Introduction: Cloud Chamber: a Project to Detect Muons

About: Cool Guy!!


Fourteen billion years ago, when the hot dense speck, which was our universe, quickly expanded, all of the matter and antimatter that existed should have annihilated and left us nothing but energy. And yet, a small amount of matter survived. We ended up with a world filled with particles. And not just any particles – particles whose masses and charges were just precise enough to allow human life.
Search for the fundamental particles, the building blocks of all the matter, led to the discovery of molecules, atoms, protons, neutrons, electrons, mesons, pions, muons, neutrinos, quarks, bosons and so on. The search still continues… Important steps forward in the search of fundamental particles include the development of novel particle detectors. These are devices used to detect, track, and/or identify high-energy particles, such as those produced by nuclear decay, cosmic radiation, or reactions in a particle accelerator. The history of particle detectors dates back to more than 100 years ago. Photographic films and scintillation screens helped in the early days of nuclear physics to uncover the mysteries of radioactivity. Today, the scale of the detectors at the Large Hadron Collider is almost incomprehensible. They weigh thousands of tons, contain millions of detecting elements. However, from the 1920s to the 1950s, until the advent of the bubble chamber, Cloud Chambers played a prominent role in the experimental particle physics. In particular, the discoveries of the positron in 1932, the muon in 1936, both by Carl Anderson (who was awarded a Nobel Prize in Physics in 1936), and the kaon in 1947 (discovered by George Rochester and Clifford Charles Butler) were made using Cloud Chambers as particle detectors. Using the Cloud Chambers, Carl Anderson had detected the positron and muon in cosmic rays. Hence, I decided to make a Cloud Chamber and use it to detect the muons coming to earth from cosmic rays.
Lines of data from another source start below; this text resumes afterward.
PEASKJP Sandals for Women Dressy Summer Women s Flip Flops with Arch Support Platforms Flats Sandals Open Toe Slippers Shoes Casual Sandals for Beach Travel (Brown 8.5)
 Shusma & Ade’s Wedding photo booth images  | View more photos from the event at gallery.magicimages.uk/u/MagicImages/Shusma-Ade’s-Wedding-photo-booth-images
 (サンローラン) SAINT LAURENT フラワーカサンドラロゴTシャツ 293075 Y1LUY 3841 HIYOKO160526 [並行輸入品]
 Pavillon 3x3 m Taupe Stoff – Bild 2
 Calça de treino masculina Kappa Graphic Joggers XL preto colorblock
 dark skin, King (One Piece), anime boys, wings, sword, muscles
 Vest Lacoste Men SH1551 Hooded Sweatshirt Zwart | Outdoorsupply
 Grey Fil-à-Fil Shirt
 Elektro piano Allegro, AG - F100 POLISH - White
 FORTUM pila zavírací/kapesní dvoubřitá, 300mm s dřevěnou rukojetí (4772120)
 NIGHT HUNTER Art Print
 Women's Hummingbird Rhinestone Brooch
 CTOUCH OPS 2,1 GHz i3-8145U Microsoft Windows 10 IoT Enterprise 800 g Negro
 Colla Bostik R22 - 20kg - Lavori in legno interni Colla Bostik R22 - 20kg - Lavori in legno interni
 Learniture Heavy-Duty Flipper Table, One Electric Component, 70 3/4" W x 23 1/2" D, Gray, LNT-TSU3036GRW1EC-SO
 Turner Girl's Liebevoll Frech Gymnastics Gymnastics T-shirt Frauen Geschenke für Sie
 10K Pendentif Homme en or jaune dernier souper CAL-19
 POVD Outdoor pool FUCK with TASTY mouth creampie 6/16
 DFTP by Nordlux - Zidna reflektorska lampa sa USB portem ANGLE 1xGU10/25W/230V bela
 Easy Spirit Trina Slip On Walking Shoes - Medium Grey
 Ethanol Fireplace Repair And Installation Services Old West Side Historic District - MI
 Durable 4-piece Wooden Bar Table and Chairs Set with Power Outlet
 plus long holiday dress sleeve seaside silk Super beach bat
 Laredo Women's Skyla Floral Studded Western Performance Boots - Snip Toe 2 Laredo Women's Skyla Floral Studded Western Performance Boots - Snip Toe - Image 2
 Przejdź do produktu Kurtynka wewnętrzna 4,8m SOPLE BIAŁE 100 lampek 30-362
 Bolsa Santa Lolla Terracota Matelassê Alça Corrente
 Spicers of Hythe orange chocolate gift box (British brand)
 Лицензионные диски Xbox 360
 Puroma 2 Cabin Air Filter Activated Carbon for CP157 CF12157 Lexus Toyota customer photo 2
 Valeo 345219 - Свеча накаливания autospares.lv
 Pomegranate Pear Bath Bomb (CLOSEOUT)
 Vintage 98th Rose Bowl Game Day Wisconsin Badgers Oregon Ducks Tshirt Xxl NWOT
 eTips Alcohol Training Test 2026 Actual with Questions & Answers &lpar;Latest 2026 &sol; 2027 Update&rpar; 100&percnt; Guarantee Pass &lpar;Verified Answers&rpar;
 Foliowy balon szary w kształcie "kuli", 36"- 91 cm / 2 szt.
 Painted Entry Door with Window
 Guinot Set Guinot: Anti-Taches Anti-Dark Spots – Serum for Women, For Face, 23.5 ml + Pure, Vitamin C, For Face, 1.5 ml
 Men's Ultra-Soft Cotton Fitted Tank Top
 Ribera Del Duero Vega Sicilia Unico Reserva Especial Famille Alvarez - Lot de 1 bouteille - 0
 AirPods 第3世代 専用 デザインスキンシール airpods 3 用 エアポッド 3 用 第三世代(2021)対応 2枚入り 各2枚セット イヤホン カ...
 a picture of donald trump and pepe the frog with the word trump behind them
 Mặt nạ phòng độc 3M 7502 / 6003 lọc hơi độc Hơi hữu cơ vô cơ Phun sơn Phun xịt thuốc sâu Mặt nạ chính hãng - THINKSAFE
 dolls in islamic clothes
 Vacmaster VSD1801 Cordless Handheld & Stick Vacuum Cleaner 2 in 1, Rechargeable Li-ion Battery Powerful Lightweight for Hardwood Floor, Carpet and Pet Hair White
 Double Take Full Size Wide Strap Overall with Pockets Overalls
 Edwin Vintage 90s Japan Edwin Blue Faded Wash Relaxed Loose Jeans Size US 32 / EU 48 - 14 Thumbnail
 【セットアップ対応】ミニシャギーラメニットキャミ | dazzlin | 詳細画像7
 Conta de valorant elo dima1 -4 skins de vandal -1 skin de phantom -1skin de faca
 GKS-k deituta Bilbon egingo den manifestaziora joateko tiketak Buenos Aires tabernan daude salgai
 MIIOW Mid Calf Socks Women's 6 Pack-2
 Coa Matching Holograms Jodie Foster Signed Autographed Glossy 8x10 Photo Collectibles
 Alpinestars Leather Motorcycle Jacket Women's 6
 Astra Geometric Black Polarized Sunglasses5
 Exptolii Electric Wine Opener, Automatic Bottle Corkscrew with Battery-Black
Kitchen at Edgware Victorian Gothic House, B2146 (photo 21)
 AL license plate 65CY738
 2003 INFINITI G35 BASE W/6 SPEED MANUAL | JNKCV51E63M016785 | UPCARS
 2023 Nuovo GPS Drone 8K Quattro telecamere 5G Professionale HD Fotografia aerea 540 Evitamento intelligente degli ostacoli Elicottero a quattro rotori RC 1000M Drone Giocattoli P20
Step 1: Working Principle of Cloud Chamber

A simple cloud chamber consists of a sealed chamber containing a supersaturated vapor which is on the point of condensation. Highly pure (more than 90%) Isopropyl alcohol which allows easy evaporation is used as a source of vapor. A cold metal plate, being kept cooled using dry ice is kept at the bottom of the chamber. As the alcohol vapor falls and comes into contact with the cold metal plate, it cools down. Just above the cold metal plate, there is an area of the chamber where most of the alcohol has not condensed, and the result is a supersaturated vapor which is on the verge of condensation. When a charged particle (for example, an alpha or beta particle or muon) passes through this supersaturated vapor, it ionizes the vapor molecules with which it interacts. The resulting ions act as condensation nuclei, around which surrounding vapor molecules condense and a mist is formed, because the vapor is on the point of condensation. A high energy charged particle passing through the supersaturated alcohol vapor produces many ions along its path and leaves behind a trail of mist.

Using the above principles, a Cloud Chamber is used to detect ionizing particles and to determine their trajectories. It does not show the particles themselves, but where they have been. Particles form a condensation trail in the chamber which is visible by naked eye as a fine mist, and this shows a particle's path through the chamber. They can include any electrically charged particle that passes through the chamber, and the amount of ionization can be deduced from the tracks in the chamber and is used to determine a particle's identity. Cloud chambers are particularly used to study radioactive elements, as alpha, beta and gamma radiation are all ionizing (with alpha being the most so). Cosmic rays can also be detected by cloud chambers, as the secondary rays formed in particle showers are ionizing particles such as muons and electrons. When a cosmic ray zips through a cloud, it creates ghostly particle tracks that are visible to the naked eye.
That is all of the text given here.